Minggu, 20 Mei 2012

Makan untuk hidup atau hidup untuk makan ? (Renungan Batin)


 Dalam  suatu kesempatan saya sekeluarga makan siang di satu rumah makan. Selain makanan pokok ternyata ada banyak macam lauk pauk yang tersaji di meja. Hal tersebut tentu mengundang selera konsumen untuk menyantapnya, termasuk aku.
Dari semua lauk yang terpampang di depan mata dan tercium aroma yang menggoda, hampir semuanya aku suka. Bila disebutkan satu persatu misalnya ada tempe/tahu goreng, sate telur puyuh, sate otak, daging sapi (empal), perkedel, paru goreng dan sebagainya. Namun ternyata aku hanya makan 1 tahu goreng dan 1 perkedel. Persoalannya bukan suka atau tidak suka, mampu membeli atau tidak, mau hemat atau boros namun kalau mau jujur aku sebenarnya sangat ingin memakannya tapi masalahnya aku sudah memutuskan untuk tidak menyantap yang lain.
Pertimbanganku kalau aku memaksa melahap makanan-makanan tersebut di usiaku sekarang ini bisa mempengaruhi kesehatanku. Bukan berarti ketika aku hanya makan lauk perkedel dan tahu goreng aku puas dan menikmati. Justru agak sedikit terpaksa karena keinginan hatiku sebenarnya ingin makan lauk lebih dari itu. Berarti aku masih punya keinginan makan makanan tertentu. Aku masih suka menyantap lauk yang enak-enak.
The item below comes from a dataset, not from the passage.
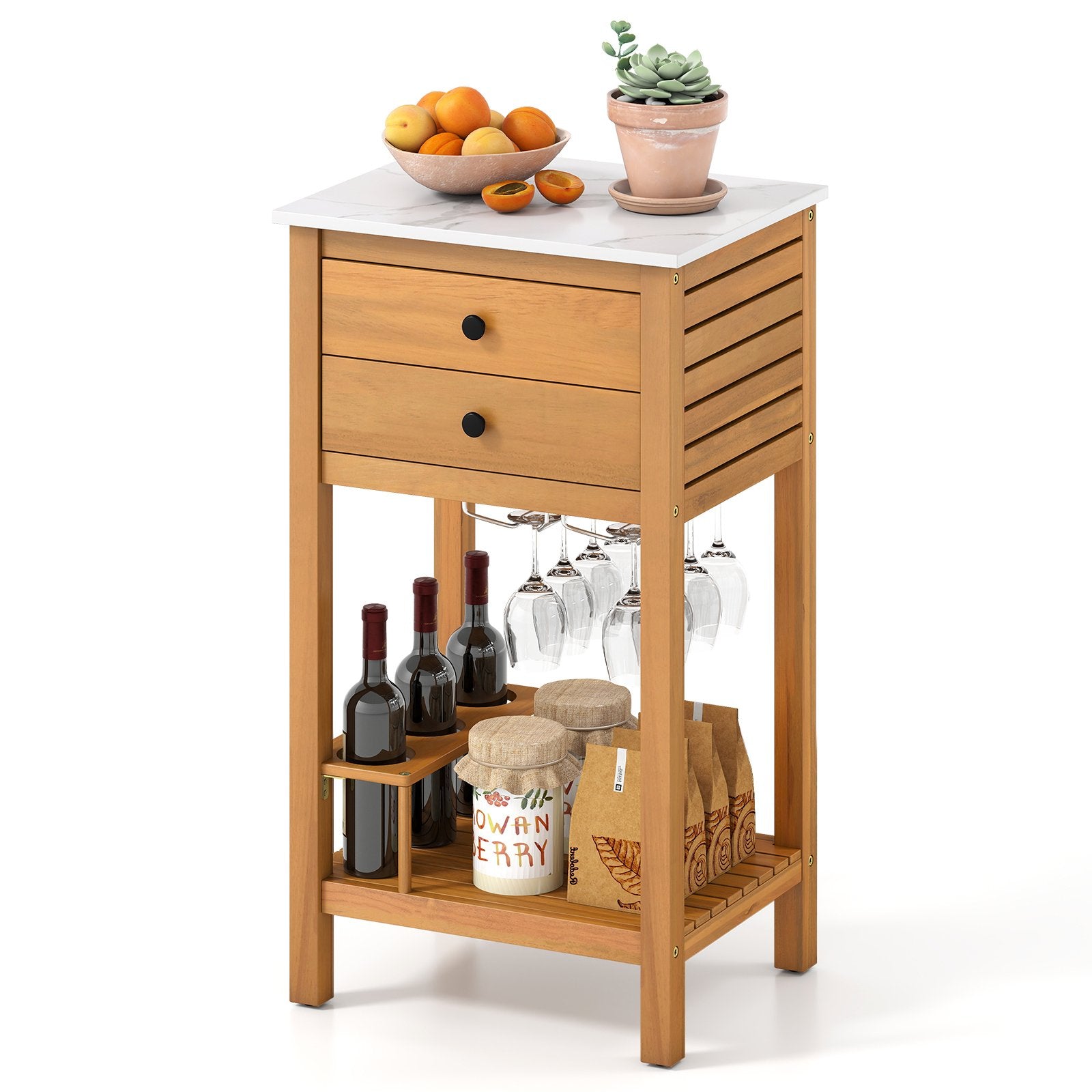 Patio Acacia Wood Storage Cabinet Patio Buffet Cabinet Bar Table with Faux Marble Countertop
Ada makanan yang menjadi kesukaanku dan kegiatan makan itu kadang dapat menjadi kesempatan bagiku untuk berpikir dan mencari ilham untuk suatu hal yang akan aku tulis atau aku putuskan. Biasanya aku berdiam diri sambil menikmati makanan dan minum teh di tempat yang aku sukai, lalu di saat itu aku bisa memikirkan dengan lebih nyaman bila ada yang harus aku putuskan.
Dulu apa yang bisa aku nikmati secara bebas dengan makan apapun, sekarang tidak lagi merdeka aku nikmati. Namun benarkah aku tidak lagi merdeka? Apakah aku merasa dibatasi dan itu membuat hidupku tak berdaya?
Bukankah aku justru merdeka sekarang. Karena aku bisa bebas memutuskan aku mau makan atau tidak dan bukan nafsu makanku atau dorongan perut yang mengatur hidupku. Saat ini aku yang menentukan perutku mau diisi apa, kapan dan seberapa. Dan itu aku lakukan karena berpikir dan memiliki pertimbangan. Dulu aku bisa saja seenaknya makan apapun, seberapapun, berapa kalipun dan itu aku lakukan pokoknya aku bisa puas dan kenyang. Dan yang menyedihkan lagi, sering kali hal tersebut aku lakukan karena tidak berpikir.
Ternyata persoalan makan ini menguak persoalanku di bidang lain. Seringkali aku bisa bertindak dan memutuskan hanya karena dorongan nafsu, emosi atau desakan-desakan lainnya. Aku sering melangkah tanpa mempertimbangkan secara matang. Wah bisa berbahaya sekali kalau aku menikah yang pertaruhannya seumur hidup itu hanya didasarkan pada nafsu, emosi, atau perasaan cinta. Atau masalah pemilihan tempat tinggal dan sebagainya.
Dalam hal membuat keputusan. Bisa saja di awal-awal ada perasaan terpaksa atau belum bisa menikmati namun aku harus konsisten dengan ketetapan hatiku. Yang penting keputusanku itu benar. Bisa jadi sekarang ini dalam proses pendewasaanku , dalam membuat keputusan atau pilihan-pilihan aku tidak lagi diperhadapkan pada benar atau salah, dosa atau tidak, hitam atau putih namun mana yang terbaik dari antara yang baik-baik.
Selain itu bukankah aku sendiri harus mempertanyakan apakah kenikmatanku itu justru mengikatku. Oleh karena itu aku tertantang untuk inovasi menemukan dalam kondisi apapun aku bisa menikmati hidup.
Jadi apakah makan untuk hidup atau hidup untuk makan? Kalau aku makan untuk hidup maka makan apapun tidak menjadi masalah bagiku. Namun kalau hidup untuk makan..wah makan menjadi tujuan hidupku. Apakah memang Tuhan menciptakan aku hanya untuk makan? Ataukah makan diberikan supaya aku bisa hidup dan mencapai tujuanNya?